In addition to the relationship with figures of the Virgin Mary, certain aspects of the Eve figure at Autun resonate with the figure of St. Mary Magdalene. Herself a conflation of a number of women who appear in the Gospels, Mary Magdalene was understood to have been a sexual sinner who repented of her sins and became a devoted follower of Jesus. The Autun sculpture’s exposed breasts and flowing hair, a strongly sexualized sign in the Middle Ages, point toward Magdalene’s early life as a prostitute, while her horizontal posture recalls her prostration at Jesus’s feet, where she wiped his feet with her hair. Her prostration also indicates that repentance requires submission and subordination, while her wiping his feet with her hair represents the intimacy with God that the repentant sinner gains. The possibility of reading this sculpture of Eve as representing Magdalene is strengthened by its appearance on a church dedicated to her brother, St. Lazarus, whom Jesus raised from the dead. A now lost tympanum sculpture that was located over the same doorway into the church represented Lazarus’s resurrection. Although its exact form is unknown, it likely included a large standing figure of Jesus so that the Eve/Mary Magdalene on the lintel did appear prostrate at his feet. This combination of images would have represented the association of sin with death, as death was understood to be a consequence of Eve’s original sin, and likewise of repentance with resurrection.[3]

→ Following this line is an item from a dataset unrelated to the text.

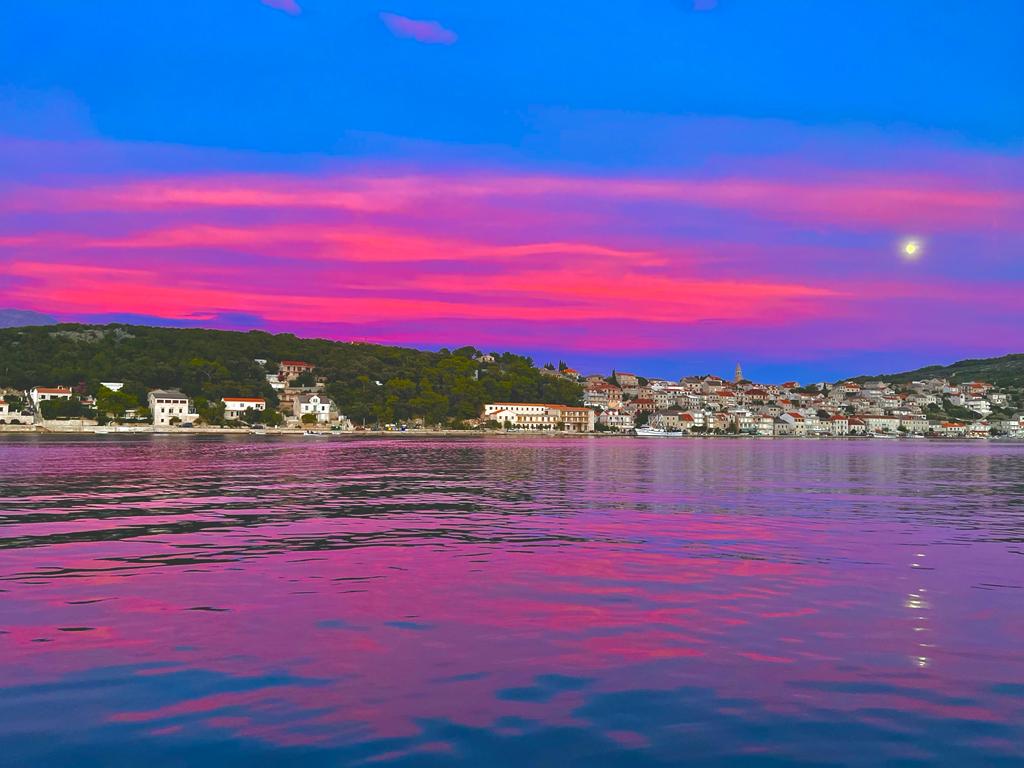 red and blu: sunset on the sea in Povlja on the island of Brač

In addition to Eve, the Virgin Mary, and Mary Magdalene, other biblical women also provided the opportunity to represent the various facets of womanhood as understood in the Middle Ages. For example, depictions of Bathsheba at her bath, spied on by King David, not only evoked David’s sin of adultery but also emphasized Bathsheba’s beauty and her sexuality. The image in the Hours of Louis XII (ca. 1498–99; Los Angeles, J. P. Getty Museum, MS 75) shows her naked to below the waist, with long flowing golden hair reminiscent of that used for depictions of Eve and Mary Magdalene. In such images, the gaze flits from David to Bathsheba to the viewer, often trapping her in the position of object. Yet in the Hours of Louis XII, Bathsheba looks coquettishly to one side as if soliciting David’s glance. The ambiguity of the gaze in representations of David and Bathsheba thus parallels the difficulty contemporary people had in interpreting Bathsheba’s own part in the story: she oscillates between innocent woman and agent of seduction, a paradox that has its origins in the Eve–Mary binary and that structured debates about the nature of women in the Middle Ages.

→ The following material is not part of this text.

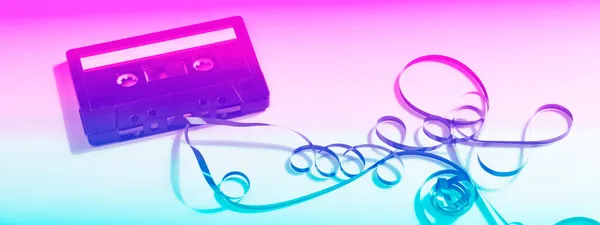 Old cassette tape in neon color. retro style. vintage music concept. — Stock Photo, Image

Two other Biblical women, St. Anne, the mother of the Virgin, and St. Elizabeth, her cousin, offered an alternative image of women that negotiated the Eve–Mary binary. The story of Elizabeth’s conception of St. John, as proof of the truth of the Annunciation, is included in the canonical Gospel of Luke. St. Anne’s immaculate conception of the Virgin appears in the Proto-Evangelium of James and Jacobus de Voragine’s Golden Legend. Pious, married, and blessed with children in old age and after a period of shameful sterility, the names of St. Anne and St. Elizabeth appear in prayers and charms for childbearing. Their images in books of hours and paintings commissioned by women or couples wishing to conceive are also frequently found, such as in the Visitation miniature from Anne of Brittany’s Très Petites Heures.[4] Between them, St. Elizabeth and St. Anne (who was said to have been married three times) bore a host of holy children including St. John the Baptist, St. John the Evangelist, St. James the Great, St. James the Less, St. Jude, and St. Simon. This “Holy Kinship” of Christ’s relations became an extremely popular subject for manuscript and panel paintings in the Middle Ages. Anne and Elizabeth were also popularly depicted having given birth to their holy children. For example, the Baptistery in Padua contains a fresco cycle recounting the life of St. John the Baptist by Giusto de Menabuoi, as shown in Figure 8.4. It is possible that this work was commissioned by Fina Buzzacarini, wife of the ruler of Padua, in 1375 as a thanksgiving for the birth of her son, Francesco, some fourteen years into her marriage.[5] In the frescoes, Fina is depicted with her three older daughters having entered the bedchamber of St. Elizabeth. A woman seated in the foreground turns to present St. John to the women. The fresco thus draws a parallel between Fina and St. Elizabeth, as mothers blessed by God with a son.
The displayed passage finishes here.